Data below:
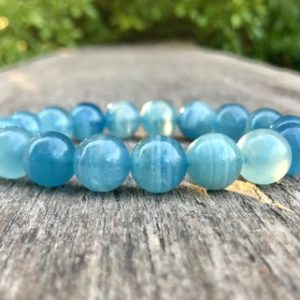 Shop Blue Calcite Jewelry! Chunky Banded Blue Calcite Bracelet 12mm Grade AAA Clear Blue Calcite Beaded Gemstone Bracelet Stack Bracelet Unisex Bracelet Gift Bracelet | Natural genuine Blue Calcite jewelry. Buy crystal jewelry, handmade handcrafted artisan jewelry for women.  Unique handmade gift ideas. #jewelry #beadedjewelry #beadedjewelry #gift #shopping #handmadejewelry #fashion #style #product #jewelry #affiliate #ad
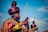 Men in traditional colorful attire and headwraps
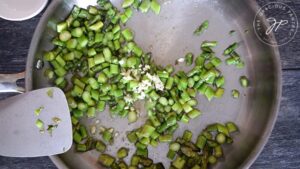 Adding garlic to the skillet.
End of Data.
About this exercise –
Copy exactly, please, every line from the one holding "Men in traditional" through the last line of the data, both ends included, and no pictures.

Expected answer –
 Men in traditional colorful attire and headwraps
 Adding garlic to the skillet.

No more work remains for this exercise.